The company also remains committed to the South and Southern African markets. But economic circumstances in these markets have required Condra to focus on mining markets beyond this country and region. “Mining markets in South Africa, the Democratic Republic of Congo and Zambia are showing signs of stagnation at the moment,” he points out. “But we have a focus on the global mining markets, particularly those of South America and Asia, to maintain production so that a rise in mining activity in one region offsets a lull in another.
“The South African mining market is very important to us, of course, but it is not currently exhibiting its traditional performance in terms of growth. At the Cape Town Mining Indaba in February, we will be emphasising our commitment to the South African market and our efforts to grow it,” he assures.
Condra recently simultaneously announced that it had developed a fully automated overhead crane system and that it had delivered the first production system to Lonmin. The crane is at the miner’s Marikana platinum mine and is a 16 t, 16-m-span double-girder electric overhead travelling grabbing crane.

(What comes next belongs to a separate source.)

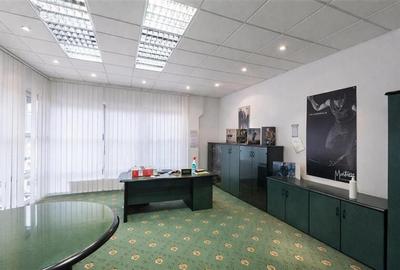 Spațiu comercial, de 4,560 mp, în Brețcu - 4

At the time, Condra stated that it was primarily (but not exclusively) targeting its automated crane system at copper mines.
“It is not so much that we are prioritising the copper mines themselves, but rather that we are targeting tankhouses in the on-site refineries associated with those copper mines,” he explains. “Tankhouse crane movement comprises a move-hold-up-down, move-hold-up-down type of operation that transfers thousands of copper plates between set positions within the electrolytic refining process, something that is a comparatively simple, repetitive process easier for us to fully automate. So we prioritise it.”
The company is also seeking to market its automated cranes to other mining sectors for applications involving repetitive handling. In addition to refinery tankhouses, such applications can be found in storage facilities for refined metal ingots, specifically those lighter than gold – for example (in addition to copper), silver. Condra is seeking to provide automated management and handling for these ingot storage facilities.
Of course, mining is not the only sector interested in fully automated overhead cranes. They are ideal for any business that involves the positioning, storage and retrieval of objects. And this embraces warehousing. Shelf rows in warehouses have to be adequately separated to allow forklifts to move between them. A fully automated overhead crane system could replace the forklifts and make it possible to reduce the space between the shelves.